── Data for review
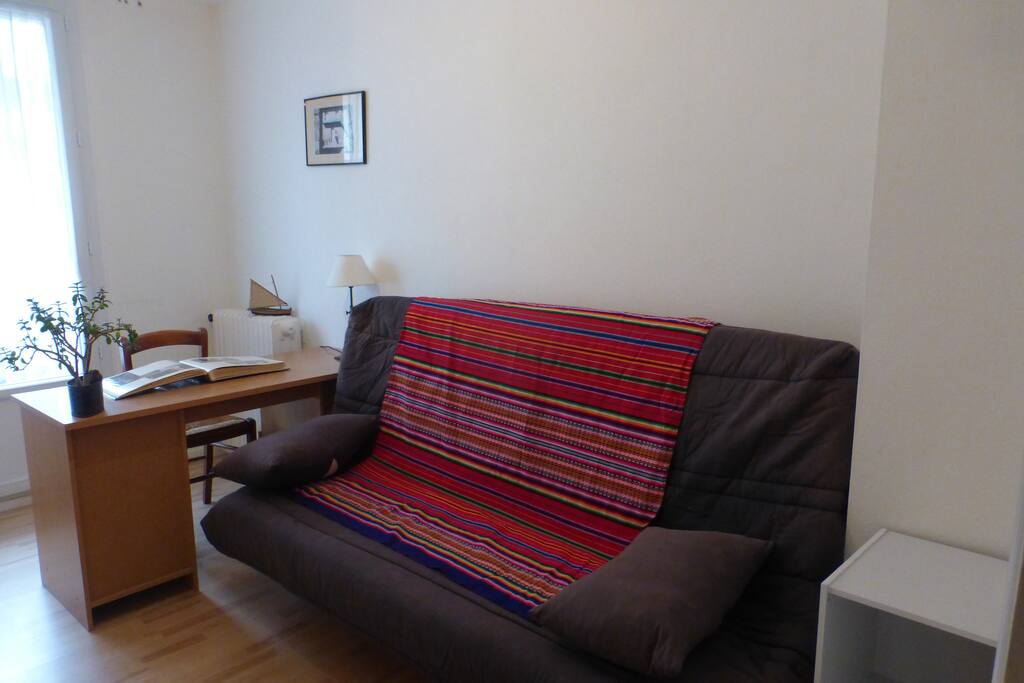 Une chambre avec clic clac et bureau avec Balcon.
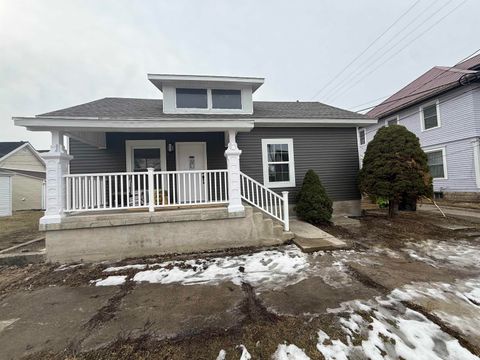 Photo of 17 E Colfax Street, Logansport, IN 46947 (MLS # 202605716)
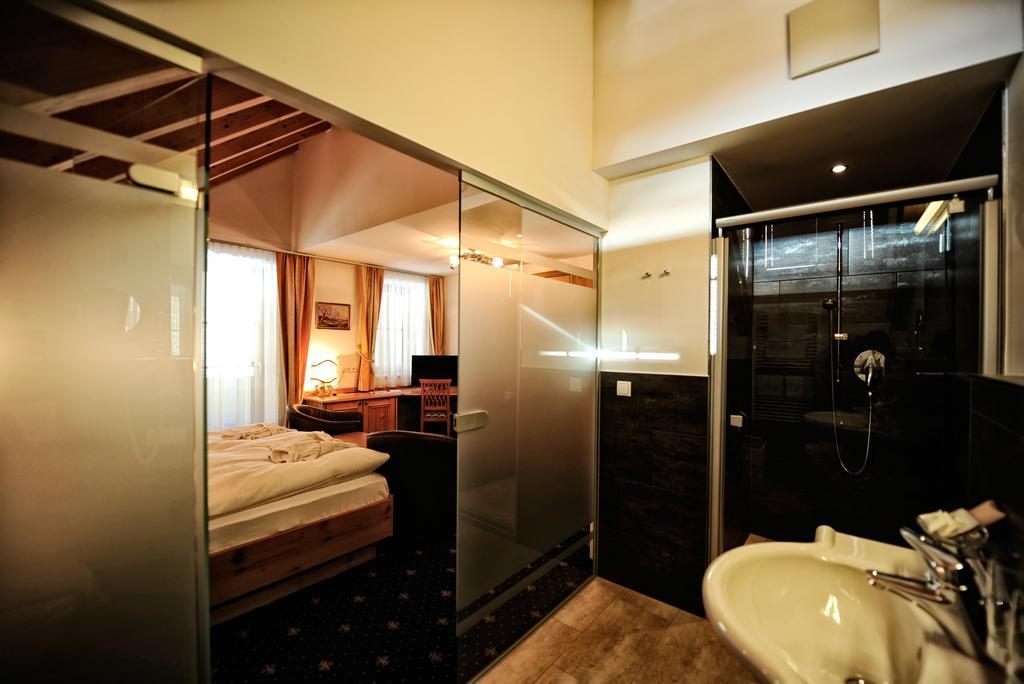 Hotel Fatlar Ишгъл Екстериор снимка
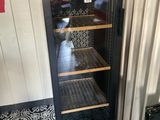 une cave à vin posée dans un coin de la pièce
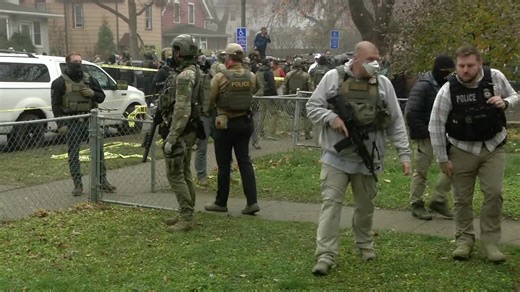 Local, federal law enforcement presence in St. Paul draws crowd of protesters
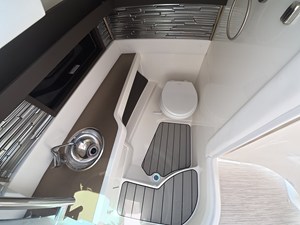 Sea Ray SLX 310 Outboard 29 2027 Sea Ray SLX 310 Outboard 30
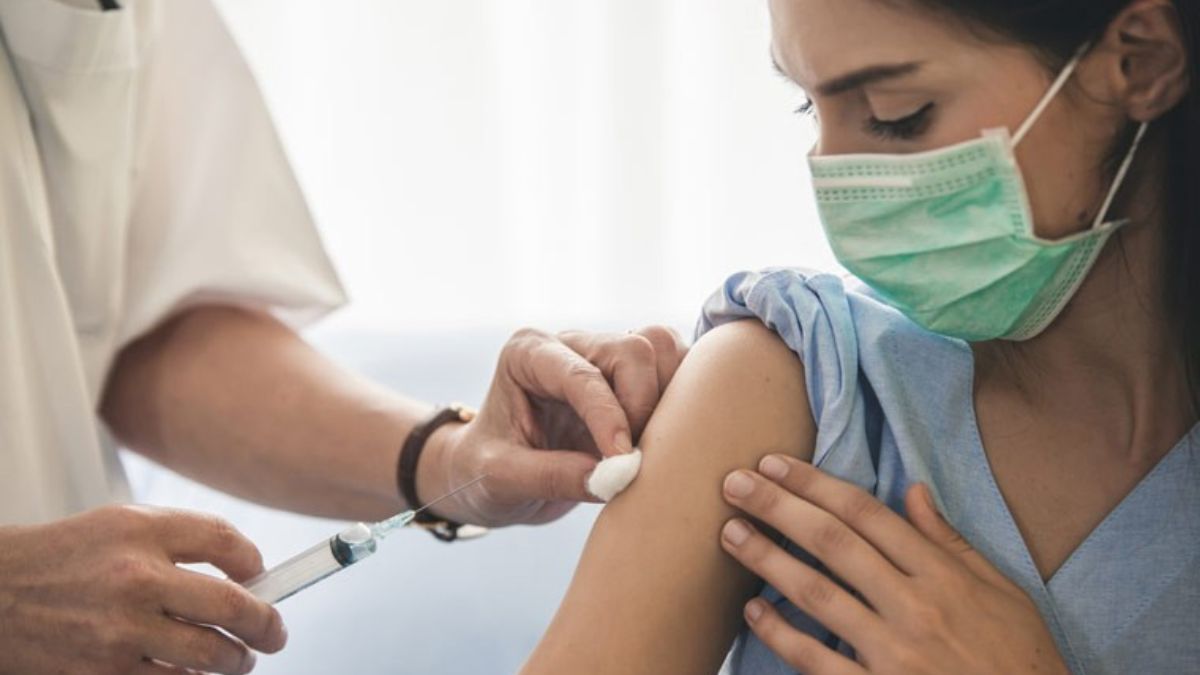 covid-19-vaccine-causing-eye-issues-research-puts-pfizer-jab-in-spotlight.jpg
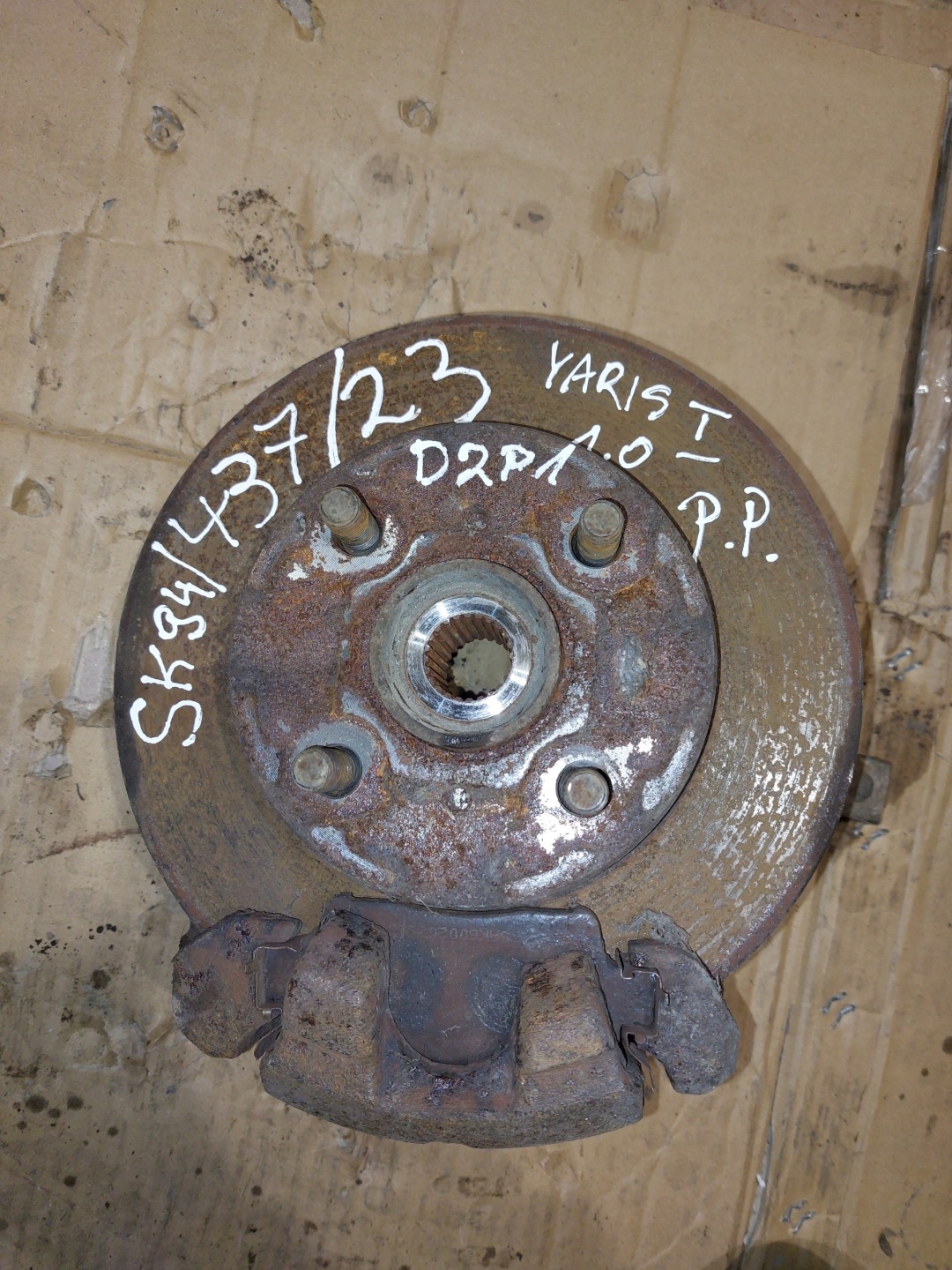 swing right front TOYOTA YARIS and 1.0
────
## Activity
Please restate word for word the lines above, starting with the line that holds "une cave à vin" and ending with the final line of the records, while leaving out pictures.

## Result for this task
 une cave à vin posée dans un coin de la pièce
 Local, federal law enforcement presence in St. Paul draws crowd of protesters
 Sea Ray SLX 310 Outboard 29 2027 Sea Ray SLX 310 Outboard 30
 covid-19-vaccine-causing-eye-issues-research-puts-pfizer-jab-in-spotlight.jpg
 swing right front TOYOTA YARIS and 1.0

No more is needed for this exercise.